プログラムの機能が意図した通りに実装されているかを確かめるテストを「機能テスト」(functional testing)、実用上要求される性能を満たすかを確かめるテストを「性能テスト」(performance testing)という。性能テストのうち、極限的な高負荷への耐性を見極めるものは「ストレステスト」(stress testing)という。
プログラムの内部構造に着目し、すべてのコードを網羅するようにテストケースを作成して各部分の動作を検証する手法を「ホワイトボックステスト」(white-box testing)、内部構造は分からない前提で、外部から見た振る舞いが仕様などに照らして正しいかを確かめる手法を「ブラックボックステスト」(black-box testing)という。両者を組み合わせた「グレーボックステスト」(gray-box testing)が行われることもある。
テスト工程の分類
大規模なソフトウェア開発では全体を細かな機能単位に分割して開発することが多いが、その場合はソフトウェアテストも段階的に実施する。
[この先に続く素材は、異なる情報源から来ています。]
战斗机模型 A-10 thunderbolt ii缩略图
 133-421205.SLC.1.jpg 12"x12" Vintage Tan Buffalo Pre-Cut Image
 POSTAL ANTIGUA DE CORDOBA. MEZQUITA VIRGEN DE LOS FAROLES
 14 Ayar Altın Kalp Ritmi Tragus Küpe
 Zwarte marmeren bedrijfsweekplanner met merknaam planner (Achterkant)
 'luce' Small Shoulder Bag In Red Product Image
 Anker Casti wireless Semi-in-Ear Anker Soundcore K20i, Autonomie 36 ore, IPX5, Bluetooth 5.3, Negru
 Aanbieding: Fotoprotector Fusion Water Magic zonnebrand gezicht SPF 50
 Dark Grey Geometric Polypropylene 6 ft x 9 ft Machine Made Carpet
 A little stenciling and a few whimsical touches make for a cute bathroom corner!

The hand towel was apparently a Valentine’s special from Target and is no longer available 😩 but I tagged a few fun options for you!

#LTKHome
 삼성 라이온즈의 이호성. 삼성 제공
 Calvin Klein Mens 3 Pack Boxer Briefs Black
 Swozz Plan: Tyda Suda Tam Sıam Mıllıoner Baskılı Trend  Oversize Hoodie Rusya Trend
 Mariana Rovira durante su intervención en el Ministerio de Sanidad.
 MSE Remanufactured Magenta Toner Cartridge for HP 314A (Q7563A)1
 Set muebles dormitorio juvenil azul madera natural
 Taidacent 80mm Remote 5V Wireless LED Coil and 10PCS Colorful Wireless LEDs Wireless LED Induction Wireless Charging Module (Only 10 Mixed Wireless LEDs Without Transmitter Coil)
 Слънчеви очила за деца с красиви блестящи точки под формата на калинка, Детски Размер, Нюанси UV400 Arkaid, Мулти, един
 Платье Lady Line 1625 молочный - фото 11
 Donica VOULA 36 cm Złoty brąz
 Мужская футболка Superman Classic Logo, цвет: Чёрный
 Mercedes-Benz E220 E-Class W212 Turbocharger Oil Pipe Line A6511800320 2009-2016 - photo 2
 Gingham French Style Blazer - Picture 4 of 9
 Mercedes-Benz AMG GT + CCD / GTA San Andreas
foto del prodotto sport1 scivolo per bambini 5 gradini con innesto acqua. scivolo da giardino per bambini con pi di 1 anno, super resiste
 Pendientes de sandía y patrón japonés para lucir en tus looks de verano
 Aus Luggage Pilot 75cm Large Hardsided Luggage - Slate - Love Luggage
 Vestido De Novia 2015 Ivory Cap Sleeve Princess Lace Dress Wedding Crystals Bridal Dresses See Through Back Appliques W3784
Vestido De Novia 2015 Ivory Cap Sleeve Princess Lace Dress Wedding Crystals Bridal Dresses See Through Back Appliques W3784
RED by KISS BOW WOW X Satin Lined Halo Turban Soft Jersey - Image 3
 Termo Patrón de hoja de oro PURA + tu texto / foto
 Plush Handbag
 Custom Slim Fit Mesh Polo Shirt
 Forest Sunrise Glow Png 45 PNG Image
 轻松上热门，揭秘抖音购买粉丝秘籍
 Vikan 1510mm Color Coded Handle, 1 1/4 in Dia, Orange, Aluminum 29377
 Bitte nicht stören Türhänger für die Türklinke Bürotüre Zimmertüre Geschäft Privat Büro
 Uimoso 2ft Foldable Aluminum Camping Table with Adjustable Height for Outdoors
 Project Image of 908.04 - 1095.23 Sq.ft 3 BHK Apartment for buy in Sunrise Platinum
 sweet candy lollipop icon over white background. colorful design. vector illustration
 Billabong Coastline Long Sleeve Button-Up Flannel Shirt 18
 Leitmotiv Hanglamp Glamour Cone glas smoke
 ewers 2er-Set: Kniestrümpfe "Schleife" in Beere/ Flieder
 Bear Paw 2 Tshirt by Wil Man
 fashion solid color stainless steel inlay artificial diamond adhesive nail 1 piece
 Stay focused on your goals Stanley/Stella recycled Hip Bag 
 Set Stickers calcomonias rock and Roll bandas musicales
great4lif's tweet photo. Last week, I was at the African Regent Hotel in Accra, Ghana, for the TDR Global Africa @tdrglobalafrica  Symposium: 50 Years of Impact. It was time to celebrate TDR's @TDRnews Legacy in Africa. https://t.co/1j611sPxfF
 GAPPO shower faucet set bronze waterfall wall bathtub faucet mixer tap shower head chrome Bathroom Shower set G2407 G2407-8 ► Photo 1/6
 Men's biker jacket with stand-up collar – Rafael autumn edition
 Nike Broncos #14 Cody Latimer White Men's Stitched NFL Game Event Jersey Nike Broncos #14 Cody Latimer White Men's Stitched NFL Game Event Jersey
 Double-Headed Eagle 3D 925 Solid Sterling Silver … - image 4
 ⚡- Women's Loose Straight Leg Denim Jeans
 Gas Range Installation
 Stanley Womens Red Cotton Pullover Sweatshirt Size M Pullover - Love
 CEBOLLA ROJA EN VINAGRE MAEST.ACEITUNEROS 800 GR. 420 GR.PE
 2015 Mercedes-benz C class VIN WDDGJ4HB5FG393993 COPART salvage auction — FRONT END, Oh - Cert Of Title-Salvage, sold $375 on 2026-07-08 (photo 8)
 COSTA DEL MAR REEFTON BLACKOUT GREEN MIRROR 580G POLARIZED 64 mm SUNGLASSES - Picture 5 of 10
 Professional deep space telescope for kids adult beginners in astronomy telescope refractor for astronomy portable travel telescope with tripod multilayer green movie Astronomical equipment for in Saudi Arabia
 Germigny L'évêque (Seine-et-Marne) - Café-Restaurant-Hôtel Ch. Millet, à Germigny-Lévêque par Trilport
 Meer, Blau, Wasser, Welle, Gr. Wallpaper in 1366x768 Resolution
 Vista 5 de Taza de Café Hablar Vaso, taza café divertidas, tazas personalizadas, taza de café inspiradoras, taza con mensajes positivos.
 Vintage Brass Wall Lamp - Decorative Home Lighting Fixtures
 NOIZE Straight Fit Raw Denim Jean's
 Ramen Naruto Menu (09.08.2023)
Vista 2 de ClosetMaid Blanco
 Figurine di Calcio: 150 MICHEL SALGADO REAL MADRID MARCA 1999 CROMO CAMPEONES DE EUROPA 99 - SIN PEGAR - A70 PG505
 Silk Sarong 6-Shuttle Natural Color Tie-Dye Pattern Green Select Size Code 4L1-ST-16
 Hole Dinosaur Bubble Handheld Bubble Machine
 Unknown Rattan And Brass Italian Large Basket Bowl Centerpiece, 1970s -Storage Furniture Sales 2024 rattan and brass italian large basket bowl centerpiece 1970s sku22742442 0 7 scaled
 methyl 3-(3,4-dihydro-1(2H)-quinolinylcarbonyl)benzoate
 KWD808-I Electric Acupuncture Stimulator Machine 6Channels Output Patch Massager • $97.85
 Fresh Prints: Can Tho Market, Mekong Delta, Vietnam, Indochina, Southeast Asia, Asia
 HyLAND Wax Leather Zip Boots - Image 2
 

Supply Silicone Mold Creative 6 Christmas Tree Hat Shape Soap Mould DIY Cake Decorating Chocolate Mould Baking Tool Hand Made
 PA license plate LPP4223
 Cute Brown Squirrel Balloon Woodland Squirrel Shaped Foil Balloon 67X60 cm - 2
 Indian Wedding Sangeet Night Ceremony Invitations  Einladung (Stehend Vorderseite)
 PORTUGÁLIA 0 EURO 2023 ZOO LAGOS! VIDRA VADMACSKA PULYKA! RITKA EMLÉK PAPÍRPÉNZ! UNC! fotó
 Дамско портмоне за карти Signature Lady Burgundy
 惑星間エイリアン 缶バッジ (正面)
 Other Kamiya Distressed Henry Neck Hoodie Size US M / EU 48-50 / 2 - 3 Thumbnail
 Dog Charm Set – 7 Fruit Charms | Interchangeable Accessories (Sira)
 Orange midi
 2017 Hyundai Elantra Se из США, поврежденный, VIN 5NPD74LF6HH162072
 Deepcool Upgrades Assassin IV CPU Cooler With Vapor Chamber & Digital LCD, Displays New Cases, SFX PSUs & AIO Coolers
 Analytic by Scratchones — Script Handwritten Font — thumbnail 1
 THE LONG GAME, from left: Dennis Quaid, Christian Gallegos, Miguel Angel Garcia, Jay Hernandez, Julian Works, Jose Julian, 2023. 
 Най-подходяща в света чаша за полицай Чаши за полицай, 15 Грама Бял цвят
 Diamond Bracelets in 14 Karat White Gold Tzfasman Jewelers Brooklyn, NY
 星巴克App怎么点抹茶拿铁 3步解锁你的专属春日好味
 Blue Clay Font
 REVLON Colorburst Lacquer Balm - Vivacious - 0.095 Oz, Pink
関数やメソッド、サブルーチンなど最小の機能単位を対象とする「単体テスト」(ユニットテスト/unit testing)、複数のモジュールを繋ぎ合わせて行う「結合テスト」(統合テスト/integration testing)、ソフトウェア全体を対象に行う「システムテスト」(総合テスト/system testing)といった順で進めていく。
結合テストは、下位のモジュールから上位に向けて順に結合していく「ボトムアップテスト」(bottom-up testing)と、上位のモジュールから下位に向けて結合していく「トップダウンテスト」(top-down testing)に分かれる。上位側が未完成の場合はダミーとして「テストドライバ」(test driver)を、下位側が未完成の場合は「テストスタブ」(test stub)をそれぞれ用意する。両者を同時に行う「ビッグバンテスト」(big-bang testing)が行われることもある。
ソフトウェアの受託開発の場合は、完成後に顧客側で納品を受け付けるかどうか検証する「受け入れテスト」(UAT:User Acceptance Testing)が行われる。一般に販売するパッケージ製品の場合には、既存顧客や一般から募った参加者にテスト版を配布して動作検証してもらう「アルファテスト」(alpha testing/開発途上版が対象)や「ベータテスト」(beta testing/発売直前版が対象)が行われることが多い。